Départ du 2. Très court par 4. Je décidai de jouer un fer 4 pour rester court des bunkers et me laisser un 9 à jouer. Swissssshhh…. Ploc ! 75 mètres à angle droit. J’ai même failli tuer quelqu’un sur le green annexe. Je vous fais l’économie du reste de la partie. MON cauchemar. MA honte. MON Waterloo. MON moment Van de Velde à moi. Combien de ces « S » ai-je fait ? Je ne saurais dire. Beaucoup. Au fil de la partie, cela a été un peu mieux. Mais, mon calvaire terminé, avec un score dans les 24 (ce qui montrait en toute objectivité la qualité de mon petit jeu vu le contexte de mon grand jeu), je crois que je suis resté assis dans ma voiture sur le parking un long moment. Les yeux dans le vide. Hébété. Détruit. K.O. Vidé de ce qui me constituait quelques heures auparavant. Avec ce simple mot en boucle méditative comme un mantra bouddhiste sur mes lèvres : « Pourquouâââ ?… Pourquouâ ? Mêêêh pourquouâ ? »

Les semaines qui suivirent furent assez pénibles. Si jamais vous avez croisé sur les parcours un gars avec le visage tout vert, une de ces sales nuances de green et toujours avec une gigantesque flaque d’eau fortuite sous ses pieds, coucou c’était moi ! Chacun de mes coups sur le parcours était précédé par une prière muette : « Mon Dieu faites que je n’en fasse pas encore une ! ». Il en faut peu pour devenir croyant, si si je vous l’assure. Je crois que j’ai fait des -s…..- avec tous les clubs de mon sac. Ce qui est une véritable performance. Ce coup désastreux étant en général réalisé avec les fers courts. J’en faisais même au chipping. Je ne suis pas du genre à faire les choses à moitié. Mes parties pour un temps devinrent donc de vrais films d’horreur. Je cessais de compter. J’avais peur, vraiment peur ! Et plus j’avais peur, plus je me crispais, plus… ! J’essayais tous les remèdes lus dans les livres que je compulsais maladivement comme un alchimiste voulant transformer le plomb en or. Je décidai de ralentir mon swing, de le garder sous contrôle. De rester « plus » sur mes talons. Ce qui ne changea rien. Je ne savais plus swinguer. Pfuit, évaporé ! Je me trouvais derrière la balle, ne sachant plus si je devais monter le club comme ci transférer mon poids comme ça, je ne visualisais que des « S ».  Je décidai aussi de ne jouer que seul, sans pression aucune. Ce qui fut mon dernier soupir. Car si je jouais indéniablement à nouveau un peu mieux sur certains coups parfois, je me voyais totalement anéanti quand les -s…- revenaient subitement tels des êtres maléfiques et qu’ils envoyaient mes coups de fers hors limites ou au mieux dans les bois. J’entendais leurs rires sardoniques de gargouilles résonner en écho tout au long des fairways. J’étais en boucle négative, ne parlant qu’à moi-même. Je délirais, devenais odieux et donc autant rester seul et n’embêter personne ! Enfin disons que c’était ma perception subjective des choses. Subjectivité objectivement raisonnable.
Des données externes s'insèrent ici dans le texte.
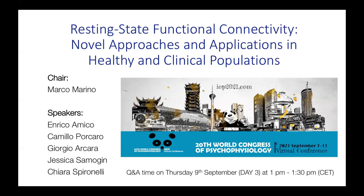Hello everyone and welcome to the symposium about resting state functional connectivity: novel approaches and applications in healthy and clinical populations. My name is Marco Marino, I'm the chair of this session. The speakers are Enrico Amico, Camillo Porcaro, George Arcara, Jessica Samogin, and Chiara Spironelli.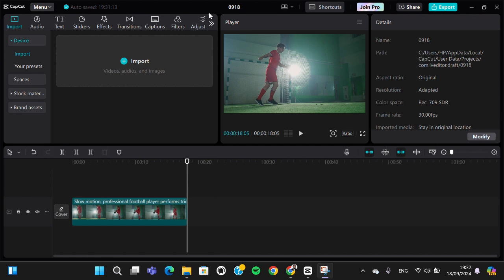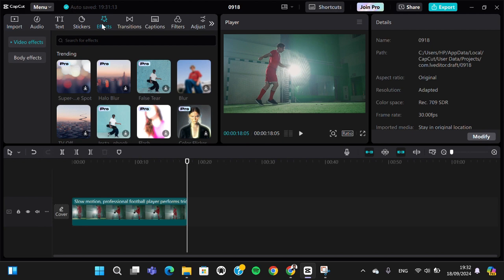I'm going to apply a slow shutter effect to this video. To create a slow shutter effect in CapCut PC, first we need to go to the Effect menu and then select Video Effect.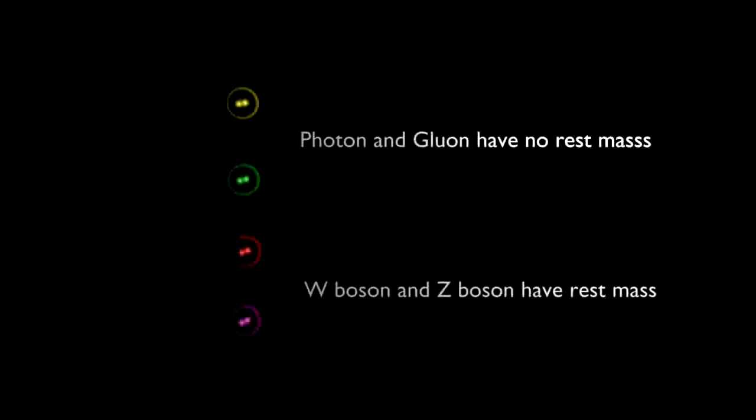Here we encounter disagreement between theory and observation. Theory predicts that none of the particles have rest mass, and it is therefore hypothesized that in order to gain mass, these particles interact with the Higgs field.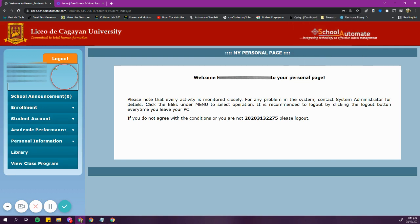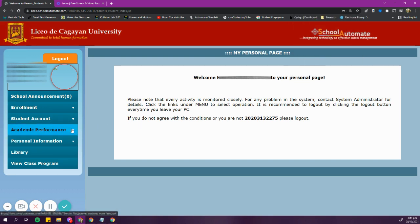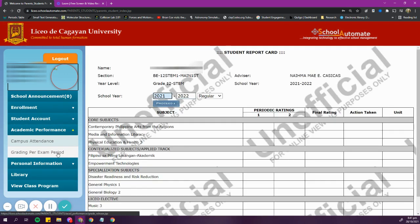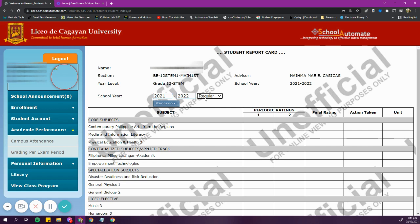Next, on the left side of your School Automate homepage, click Grading Per Exam Period. You can change the school year and the grading period depending on your preference. Then click Proceed. You can now view your unofficial online copy of your report card.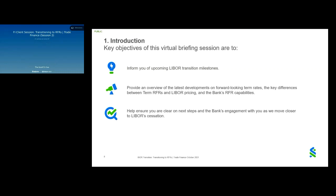I'd like to inform you that we have a Q&A section available, so please feel free to type in your questions and we will look to answer as many of them as possible during the session. With this brief introduction, I'd like to pass this on to my colleague David who will walk you through the next part of this presentation.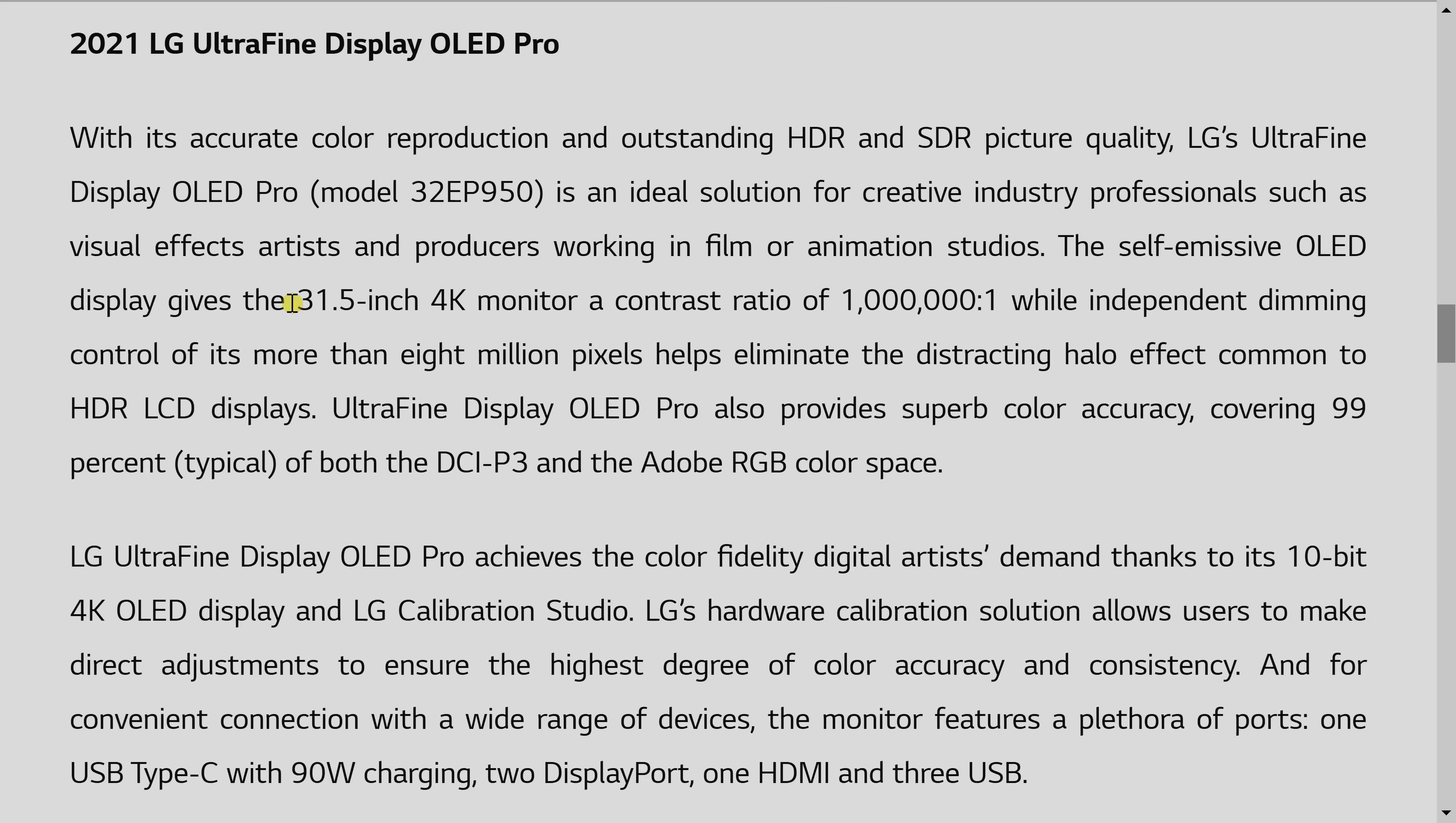Ultrafine. It sounds like a term that I occasionally sprinkle into my pickup lines. But let's get back to the monitor, and the model number is 32EP950, and the screen size is 31.5 inches, and it will have a UHD resolution of 3840 x 2160.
Je vous accorde une pause mouchoir avant de poursuivre ? Non ce n’est pas fini ! Vous étiez prévenus.

Finalement, alors que je proclamais depuis toujours d’être un véritable autodidacte du golf, ayant complètement perdu ce que j’avais mis des années à constituer, je décidai de consulter un professeur. Qui décida de changer complètement mon swing et la façon dont j’engageais mes hanches trop timidement. « Faut que tu rentres plus dans la balle ! ». Bilan, plus de « S » mais une belle hernie discale après quelques semaines de ce nouveau swing de brutasse, à force de faire des grattes sur le mince tapis posé à même le béton armé du practice. À 45 ans cela ne pardonnait pas. Un nerf du bras gauche foutu. Une douleur de chien pendant des mois. Mes ostéo, radiologue et acupuncteur enrichis. Mes clubs rangés au fond d’un cagibi pour longtemps. Puis un certain nombre d’années juste quelques rares parties lors des vacances d’été, en scramble avec mon fils, en dilettante, histoire de partager ces moments de bonheur si précieux avec lui… la vie et ses aléas et le boulot avaient aussi repris le dessus sur ma passion. Plus de golf. Plus de « S ». Problème réglé !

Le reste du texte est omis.